This small room at Corberry Press held my attention for quite some time. My attitude towards the work swung between appreciation and wonderment. How is it that these many small art objects become legitimate when grouped together and placed into conjunction? The actual work being displayed looks as if the curator salvaged the garbage cans of a High School art class on the day after school ended. Most of the work has that over-earnest quality, those painfully careful but flat brushstrokes. The colors are either muddy or day-glo and rest on shoddy store-bought canvases. Here also is the dedication to a one-liner or stupid joke and the distortions of figure that usually result from ineptitude. But this work explores a trusting ineptitude – one that follows every gesture to its ultimate conclusion, a work ethic which would be missing in most High School art projects.

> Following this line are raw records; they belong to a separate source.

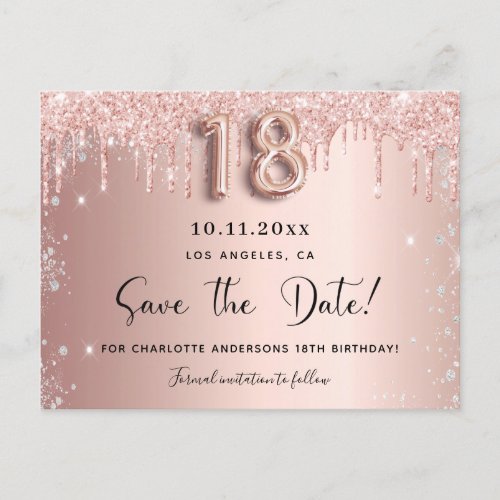 18th birthday rose gold silver blush save the date announcement postcard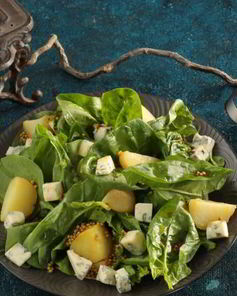 Картофель, шпинат и голубой сыр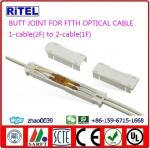 FTTH BUTT JOINT connection of 1-cable(2F) to 2-cable(1F) for drop fiber optic cable 2*3mm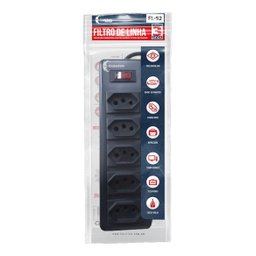 Extensão Elétrica 5 Tomadas Filtro Linha Régua Bivolt - 4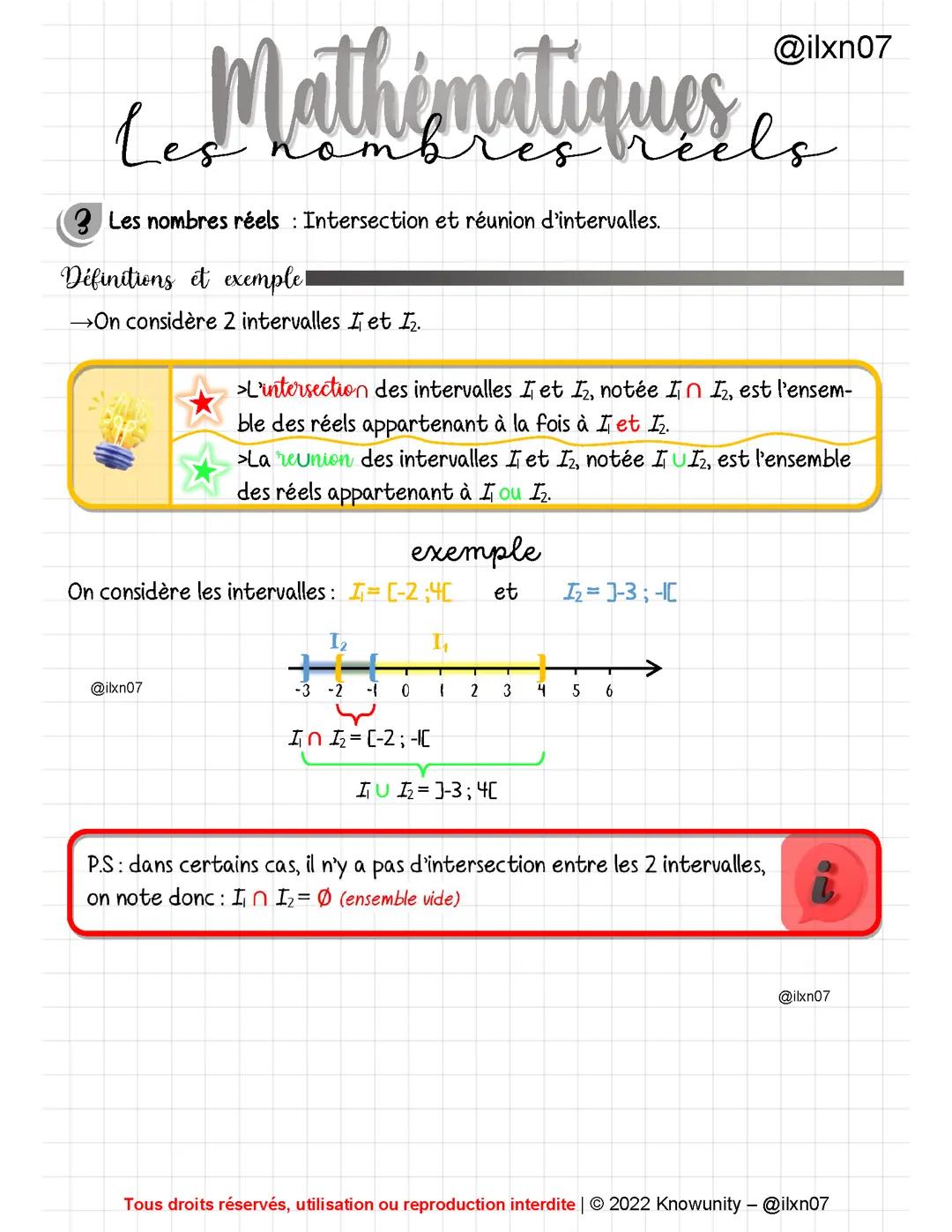 intersections et réunion dinvertvalle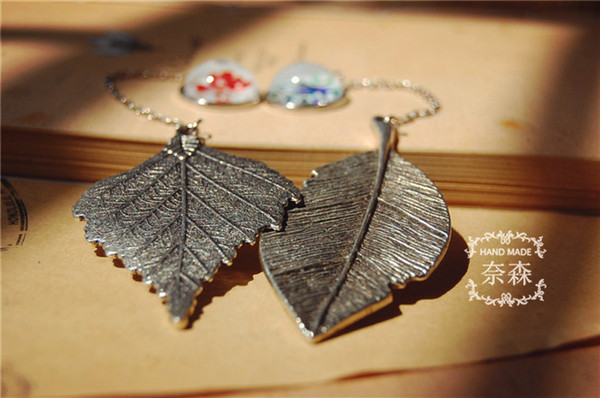 2016 Antique Silver Leaf Metal Pendent Vintage Page Tag Bookmark 2 Color Elegant Big Leaves Best Christmas Gift E867E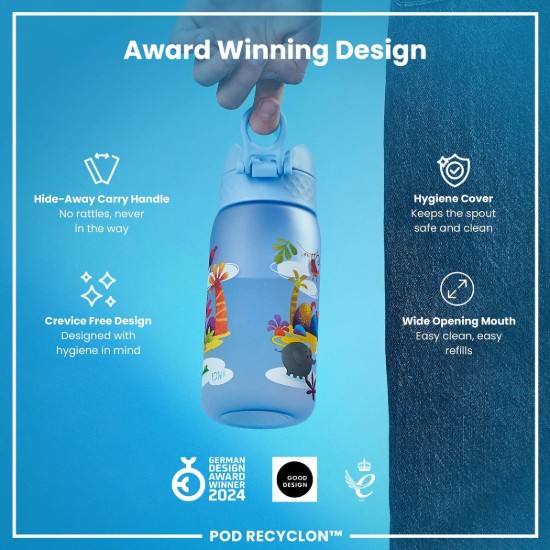 Sticla apa pentru copii, recyclon, 350ml, Safari - Ion8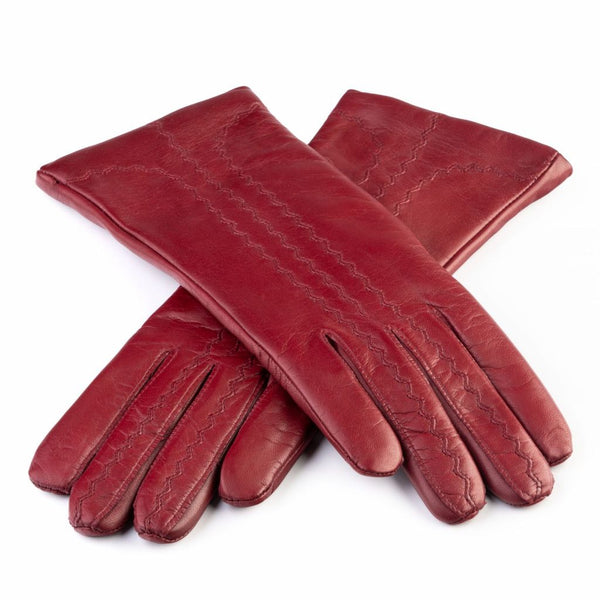 Women's Leather Gloves with Delicate Embroidery from Edge to Fingers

I really didn’t have any association with either “space” or an “office” (both of which are stated in the official description). The room is far too commonplace and ordinary to describe “Space” (unless we mean the space of a stoned mind) and far too cruddy and haphazard to be an office. More like a dorm room, really… So what held my attention for so long? For one, the quantity and variety of objects lead to extended exploration – just when you think you’ve seen it all, there’s another little sculpture hidden in a corner or placed on the windowsill. And the list of works is no help. A map with numbers must be cross-referenced both with the room itself and a separate list of artists’ names. The work also continues to be fascinating – how is it that all of these artists have such a unified vision? Why, for goodness sake, is a weird day-glo painting of a gnome/sasquatch shown with a careful realist depiction of a pot pipe, a terribly ugly bust painted in faux-granite and a silly paperweight rock painted like a cellphone?
All of these elements combine to make the work of the curator much stronger than that of any individual artist. The room itself, and the mentality of the person who chose, organized and displayed this work becomes the overarching message. But what IS the message? Why should a “High School Aesthetic” be championed? Perhaps it is the earnestness that I mentioned before, an appreciation of the small gesture, a nostalgia for that moment of “pure creativity”. I can’t decide if this appreciation is ironic or genuine, wholehearted or sly. I chose to take the show at face value, and see this work as a kind of balm in the face of the overly sleek, impersonal and professional. It’s a sort of charmed space.